The processor 110 obtains the head size of the head area in the vertical direction by referring to the first position information corresponding to the head area, and obtains the body length and body width of the body area by referring to the second position information corresponding to the body area, and then determines whether the human body object is half-body or full-body based on the body length, the body width, and the head size of the body region. For example, when the ratio of the body length to the body width of the body region is less than the first preset value, and the difference between the body length of the body region and the head size is greater than the second preset value, it is determined that the human body object is half-body.
When the ratio of the body length to the body width of the body region is not less than the first preset value, and the difference between the body length of the body region and the head size is not greater than the second preset value, it is determined that the human body object is full-body.
FIG. 6 is a schematic diagram of a third application example of the valid determination range according to an embodiment of the disclosure. Referring to FIG. 6, in this embodiment, the bounding box b610 corresponding to the body area, the bounding box b620 corresponding to the head area, and the bounding boxes b631 and b632 corresponding to the hand area are marked in the original image 1600 through the object detection module. The applicable usage scenario of this embodiment is, for example, the situation where the imaging apparatus 130 is relatively close to the human body being photographed, for example, in the usage scenario of object detection in a conference.
Specifically, in response to the human body object being half-body, it is assumed that the second position information of the body area includes the upper left coordinate point (x3, y3) and the lower right coordinate point (x4, y4), and the body length range h2 is set to y3 to y4. Furthermore, it is assumed that the preset ratio (first ratio) obtained based on statistical data includes ½ and 1/1. The two positions α2 and β2 in the vertical direction are calculated based on the preset ratio, thereby setting the valid determination range 61 in the range between the two positions α2 and β2. That is, α2=y3+(y4−y3)×(½), β2−y3+ (y4−y3)×1. In the embodiment shown in FIG. 6, the processor 110 determines that the hand position of one of the hands (the center point position of the bounding box b632) is within the valid determination range 61.
FIG. 7 is a schematic diagram of a fourth application example of the valid determination range according to an embodiment of the disclosure.
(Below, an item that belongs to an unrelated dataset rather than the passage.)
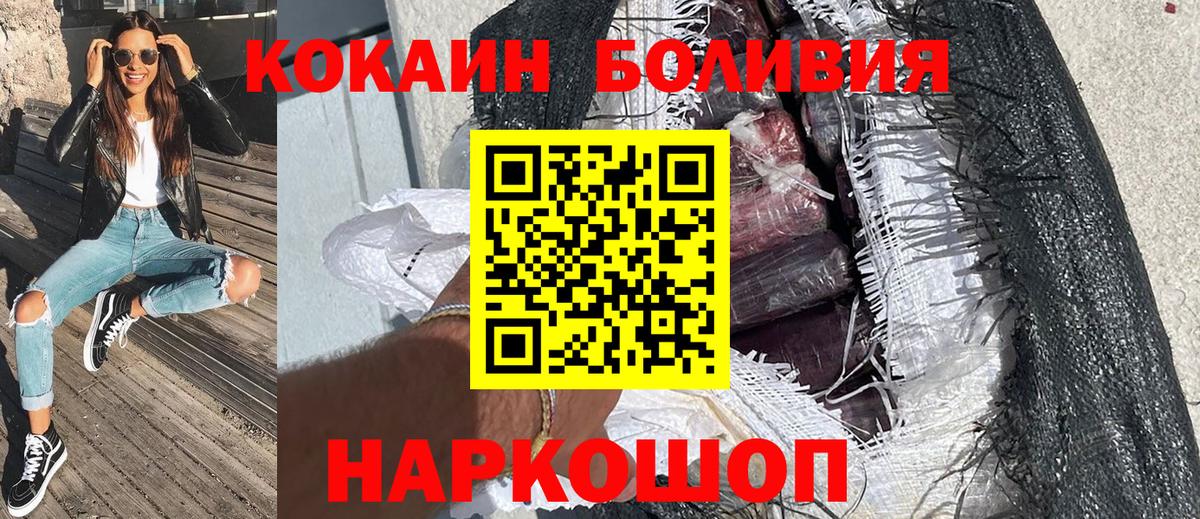 COCAIN 97%  Вход с VPN  COCAIN Боливия  Апатиты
Referring to FIG. 7, in this embodiment, the bounding box b710 corresponding to the body area, the bounding box b720 corresponding to the head area, and the bounding boxes b730 and b732 corresponding to the hand area are marked in the original image 1700 through the object detection module.
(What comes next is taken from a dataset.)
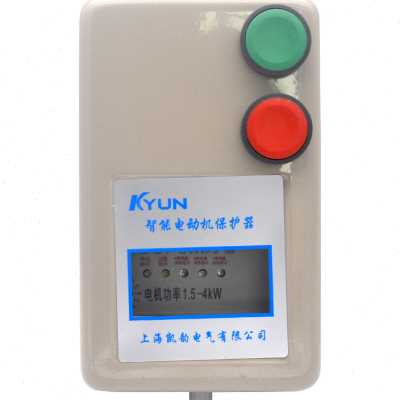 极速QCX5智能电机保护器 磁力x启动器 起动380V气泵空压机开关过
Specifically, the processor 110 obtains a width range in the horizontal direction based on the second position information corresponding to the body area. A top-of-head position is calculated based on the first position information corresponding to the head area. The valid determination range 71 is set based on an upper area and the width range of the top-of-head position.
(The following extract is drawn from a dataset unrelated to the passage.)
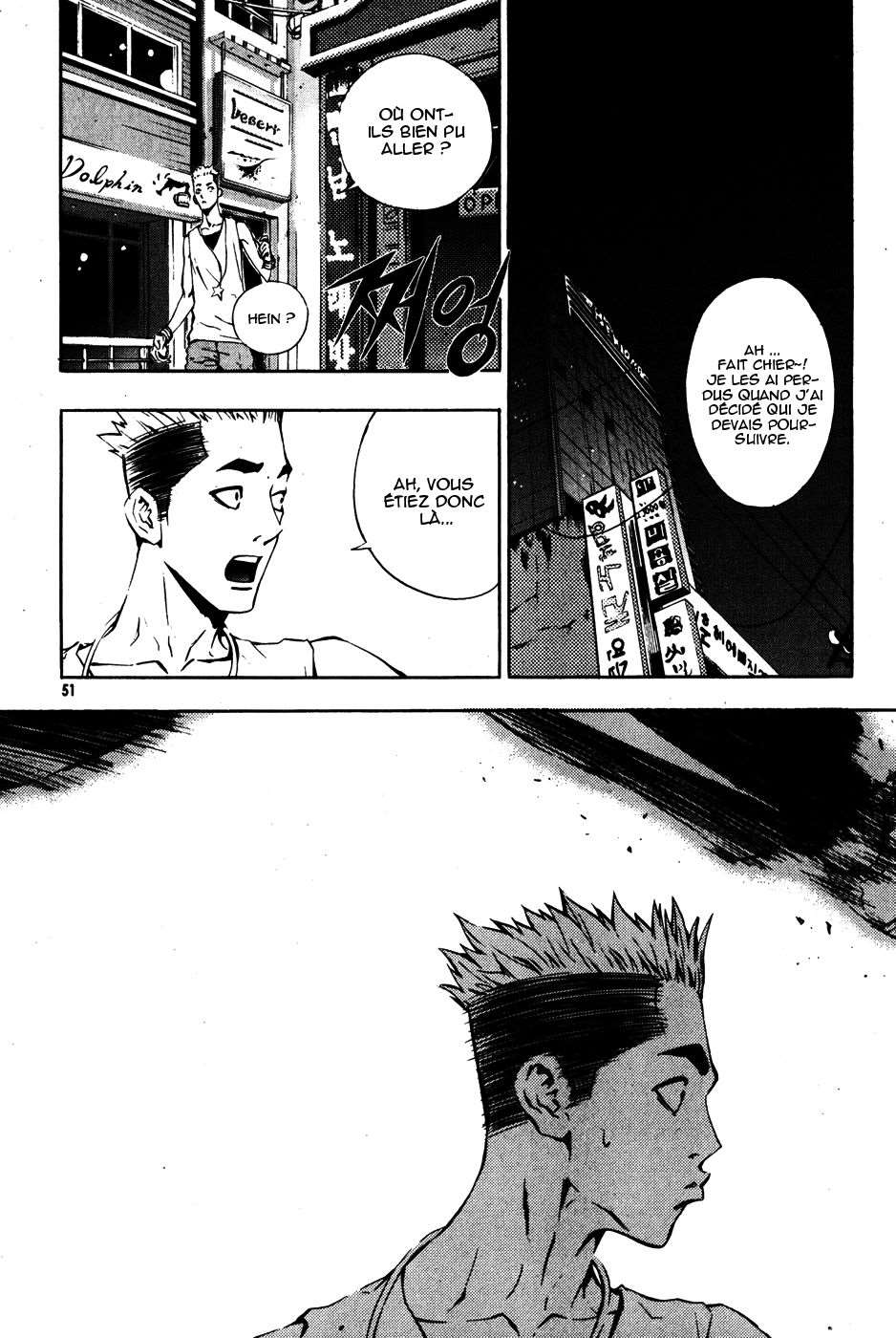 Read The Breaker FR Manga Online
For example, it is assumed that the second position information of the body area includes the upper left coordinate point (x5, y5) and the lower right coordinate point (x6, y6), and the body width range is set to x5 to x6. Assuming that the top-of-head position is at y0, the area between x5 and x6 and above y0 is set as the valid determination range 71. In the embodiment shown in FIG. 7, the processor 110 determines that the hand position of one of the hands (the center point position of the bounding box b730) is within the valid determination range 71.
In addition, in another embodiment, it may also be set as follows: in response to the bounding box (b730 or b732) of the hand area being located above the head, and the center point of the bounding box of the hand region (b730 or b732) falling within the width range of the bounding box b710 corresponding to the body, the gesture recognition module is executed.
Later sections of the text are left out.